### Given data
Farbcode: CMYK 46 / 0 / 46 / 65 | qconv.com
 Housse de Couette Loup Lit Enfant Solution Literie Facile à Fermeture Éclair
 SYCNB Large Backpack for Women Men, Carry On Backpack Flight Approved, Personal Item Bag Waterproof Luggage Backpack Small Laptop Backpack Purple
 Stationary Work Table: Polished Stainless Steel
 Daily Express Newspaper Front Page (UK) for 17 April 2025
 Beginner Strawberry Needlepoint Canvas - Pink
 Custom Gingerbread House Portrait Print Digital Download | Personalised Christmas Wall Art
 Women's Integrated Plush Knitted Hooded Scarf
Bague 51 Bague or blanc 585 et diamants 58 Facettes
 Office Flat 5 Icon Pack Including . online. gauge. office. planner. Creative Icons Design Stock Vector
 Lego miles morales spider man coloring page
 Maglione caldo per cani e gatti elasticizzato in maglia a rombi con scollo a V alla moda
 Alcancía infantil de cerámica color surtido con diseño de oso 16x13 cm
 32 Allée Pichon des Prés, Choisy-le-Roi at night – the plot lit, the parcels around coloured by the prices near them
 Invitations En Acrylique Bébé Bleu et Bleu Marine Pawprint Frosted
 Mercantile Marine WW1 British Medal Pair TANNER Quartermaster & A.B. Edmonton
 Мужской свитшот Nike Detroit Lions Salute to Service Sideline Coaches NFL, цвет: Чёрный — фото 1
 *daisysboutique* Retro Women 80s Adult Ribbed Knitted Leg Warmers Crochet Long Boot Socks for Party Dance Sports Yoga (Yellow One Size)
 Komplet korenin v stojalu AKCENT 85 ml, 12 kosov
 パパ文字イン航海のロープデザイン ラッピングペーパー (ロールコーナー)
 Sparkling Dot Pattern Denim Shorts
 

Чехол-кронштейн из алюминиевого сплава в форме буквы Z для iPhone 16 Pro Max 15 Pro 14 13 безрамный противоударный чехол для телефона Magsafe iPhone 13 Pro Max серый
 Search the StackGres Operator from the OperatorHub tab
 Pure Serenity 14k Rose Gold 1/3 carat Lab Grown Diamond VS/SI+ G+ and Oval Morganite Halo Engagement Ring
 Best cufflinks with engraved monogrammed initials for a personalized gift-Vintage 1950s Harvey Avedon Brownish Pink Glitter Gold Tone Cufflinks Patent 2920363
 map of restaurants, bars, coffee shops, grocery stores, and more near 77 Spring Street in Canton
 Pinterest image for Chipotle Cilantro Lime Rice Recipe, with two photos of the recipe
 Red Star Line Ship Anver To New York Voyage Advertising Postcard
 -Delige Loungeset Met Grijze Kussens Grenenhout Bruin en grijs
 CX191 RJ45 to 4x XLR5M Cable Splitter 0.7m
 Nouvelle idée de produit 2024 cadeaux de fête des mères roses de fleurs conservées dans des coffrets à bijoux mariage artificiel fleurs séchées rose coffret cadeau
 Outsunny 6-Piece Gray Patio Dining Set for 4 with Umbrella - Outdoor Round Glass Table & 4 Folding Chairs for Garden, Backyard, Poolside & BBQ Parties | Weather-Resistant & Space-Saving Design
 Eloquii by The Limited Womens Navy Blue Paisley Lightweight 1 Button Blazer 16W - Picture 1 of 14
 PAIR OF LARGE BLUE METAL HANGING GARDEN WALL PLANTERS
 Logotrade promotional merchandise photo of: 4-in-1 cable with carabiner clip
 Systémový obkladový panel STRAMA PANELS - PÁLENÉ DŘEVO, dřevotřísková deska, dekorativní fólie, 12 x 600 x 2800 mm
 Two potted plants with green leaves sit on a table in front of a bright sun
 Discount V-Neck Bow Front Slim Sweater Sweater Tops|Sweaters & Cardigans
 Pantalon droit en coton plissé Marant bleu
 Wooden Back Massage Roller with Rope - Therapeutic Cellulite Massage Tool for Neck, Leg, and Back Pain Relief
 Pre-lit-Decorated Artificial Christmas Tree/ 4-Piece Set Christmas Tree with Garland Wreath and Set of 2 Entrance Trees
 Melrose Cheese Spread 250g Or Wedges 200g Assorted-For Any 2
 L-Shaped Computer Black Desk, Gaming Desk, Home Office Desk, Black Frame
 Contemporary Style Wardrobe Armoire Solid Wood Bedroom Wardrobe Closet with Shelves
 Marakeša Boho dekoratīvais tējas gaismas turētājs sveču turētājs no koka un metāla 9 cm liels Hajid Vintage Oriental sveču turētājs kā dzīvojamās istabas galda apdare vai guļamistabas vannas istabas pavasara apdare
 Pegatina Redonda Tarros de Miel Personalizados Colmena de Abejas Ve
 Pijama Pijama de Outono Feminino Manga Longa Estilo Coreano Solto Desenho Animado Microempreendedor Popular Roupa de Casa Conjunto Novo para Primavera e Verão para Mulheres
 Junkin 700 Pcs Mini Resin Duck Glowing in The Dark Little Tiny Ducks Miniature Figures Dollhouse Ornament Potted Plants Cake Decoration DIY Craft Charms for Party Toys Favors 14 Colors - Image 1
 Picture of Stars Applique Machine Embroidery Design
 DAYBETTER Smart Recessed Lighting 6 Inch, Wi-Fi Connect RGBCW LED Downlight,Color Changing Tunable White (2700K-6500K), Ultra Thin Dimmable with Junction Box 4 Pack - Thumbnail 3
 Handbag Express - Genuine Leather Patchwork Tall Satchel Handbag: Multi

### Exercise requirements
Restate word for word the lines in the material above from the one with "Women's Integrated Plush" to the one with "Nouvelle idée de"; both of those lines count, and nothing else does.

### Solution for this exercise
 Women's Integrated Plush Knitted Hooded Scarf
Bague 51 Bague or blanc 585 et diamants 58 Facettes
 Office Flat 5 Icon Pack Including . online. gauge. office. planner. Creative Icons Design Stock Vector
 Lego miles morales spider man coloring page
 Maglione caldo per cani e gatti elasticizzato in maglia a rombi con scollo a V alla moda
 Alcancía infantil de cerámica color surtido con diseño de oso 16x13 cm
 32 Allée Pichon des Prés, Choisy-le-Roi at night – the plot lit, the parcels around coloured by the prices near them
 Invitations En Acrylique Bébé Bleu et Bleu Marine Pawprint Frosted
 Mercantile Marine WW1 British Medal Pair TANNER Quartermaster & A.B. Edmonton
 Мужской свитшот Nike Detroit Lions Salute to Service Sideline Coaches NFL, цвет: Чёрный — фото 1
 *daisysboutique* Retro Women 80s Adult Ribbed Knitted Leg Warmers Crochet Long Boot Socks for Party Dance Sports Yoga (Yellow One Size)
 Komplet korenin v stojalu AKCENT 85 ml, 12 kosov
 パパ文字イン航海のロープデザイン ラッピングペーパー (ロールコーナー)
 Sparkling Dot Pattern Denim Shorts
 

Чехол-кронштейн из алюминиевого сплава в форме буквы Z для iPhone 16 Pro Max 15 Pro 14 13 безрамный противоударный чехол для телефона Magsafe iPhone 13 Pro Max серый
 Search the StackGres Operator from the OperatorHub tab
 Pure Serenity 14k Rose Gold 1/3 carat Lab Grown Diamond VS/SI+ G+ and Oval Morganite Halo Engagement Ring
 Best cufflinks with engraved monogrammed initials for a personalized gift-Vintage 1950s Harvey Avedon Brownish Pink Glitter Gold Tone Cufflinks Patent 2920363
 map of restaurants, bars, coffee shops, grocery stores, and more near 77 Spring Street in Canton
 Pinterest image for Chipotle Cilantro Lime Rice Recipe, with two photos of the recipe
 Red Star Line Ship Anver To New York Voyage Advertising Postcard
 -Delige Loungeset Met Grijze Kussens Grenenhout Bruin en grijs
 CX191 RJ45 to 4x XLR5M Cable Splitter 0.7m
 Nouvelle idée de produit 2024 cadeaux de fête des mères roses de fleurs conservées dans des coffrets à bijoux mariage artificiel fleurs séchées rose coffret cadeau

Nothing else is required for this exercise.